Dans les couloirs, une trentaine de petits hommes verts ornent les murs. « Ce sont les photos de notre Carnaval vert : tout le monde se grime et traverse la ville ; on jardine, on nettoie les rues. Chaouen a d’ailleurs gagné le premier prix de Ville propre du Maroc en 1984 ! » Il y a donc vingt-six ans. Encore. Est-ce l’air de la montagne qui nous gagne ? Non, c’est un fait : à Chaouen, l’environnement est aussi implanté que l’olivier ; c’est une culture qui ne date pas d’hier.
Sensibiliser les Ă©lus
Bientôt 16 heures, le maire reçoit tour à tour des conseillers et des citoyens. Tiens ? « L’ancien président de la Commune avait deux bureaux : celui de tous les jours à Rabat, et son annexe à Chaouen ! », s’indigne un administré. « Autant dire que pendant trente ans, il n’était jamais là et que depuis les municipales, il n’est jamais revenu. » Et le nouveau maire ? « Il est là . » Bon début. Mohamed Sefiani a la quarantaine et l’humeur joviale. Rachid, notre prof écolo, entre dans son bureau et les deux hommes ont visiblement plaisir à se voir. « Je l’ai toujours dit : avant de sensibiliser les élèves et la population, il faut sensibiliser les élus. J’ai appris la semaine dernière que le conseil municipal voulait déclarer Chaouen éco-ville, j’étais très surpris. »
Attirer le chaland
Pour le maire, c’est politiquement intelligent. Ce Tétouanais connaît la région comme sa poche et Chaouen ne brille guère pour satisfaire une carrière ambitieuse. « Chaouen n’a pas d’industrie, peu de tourisme et notre agriculture profite surtout à Tanger et à Tétouan. Devenir une éco-ville, c’est promouvoir nos campagnes, notre artisanat, notre patrimoine, et donc, développer le tourisme ! », annonce tout sourire Mohamed Sefiani. Tous ces espoirs écolos simplement pour attirer le chaland ? « évidemment, nous confirme au dîner Jabir El Hbabi, gîteur. écologie, économie, social, c’est le principe même de l’interaction ville-campagne. Valoriser le terroir de la région c’est nous valoriser tous ! » Il dépose une assiette de fromage frais, de tapenade et de zaalouk en attendant le tagine de chevreau aux figues fraîches.

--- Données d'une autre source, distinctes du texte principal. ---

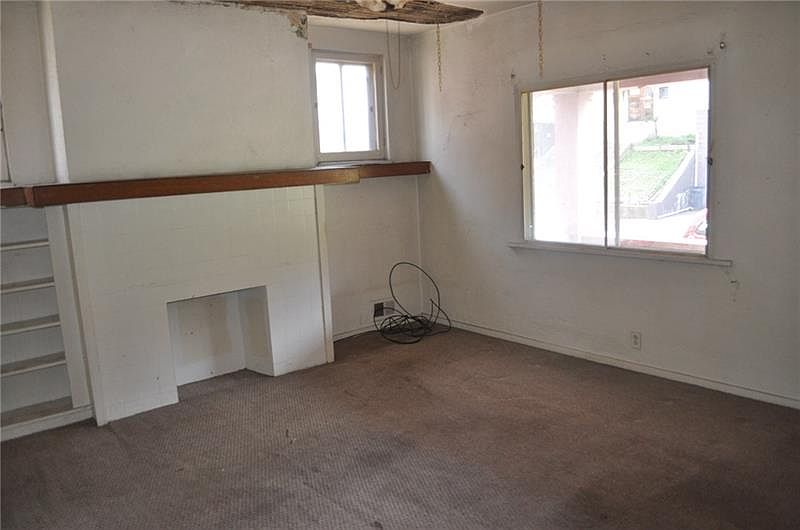 526 Ohio Ave Glassport PA Zillow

Mais vu le contexte national, comment savoir si ce discours tient plus de la langue de bois (d’olivier) ou de la vraie fibre (végétale) écolo ? Le maire parle durée. « Nous avons entamé des démarches structurantes comme l’obtention d’une formation unique au Maroc : en septembre s’ouvrira à Chaouen la première promotion universitaire sur l’environnement et l’écotourisme. Nous ouvrons deux classes. » Le hammam de la ville doit aussi troquer son four à bois pour l’énergie renouvelable, la nouvelle salle polyvalente attend ses panneaux solaires et aucun carrelage ne sera désormais posé en ville s’il n’est pas en pierres taillées de la région. « à terme, je veux aussi faire classer Chaouen au patrimoine immatériel de l’Unesco. Nous soutenons cette candidature en jumelage avec des villes espagnole, grecque et italienne. » Mohamed Sefiani en profite pour faire découvrir la ville aux voisins méditerranéens, c’est toujours cela de pris.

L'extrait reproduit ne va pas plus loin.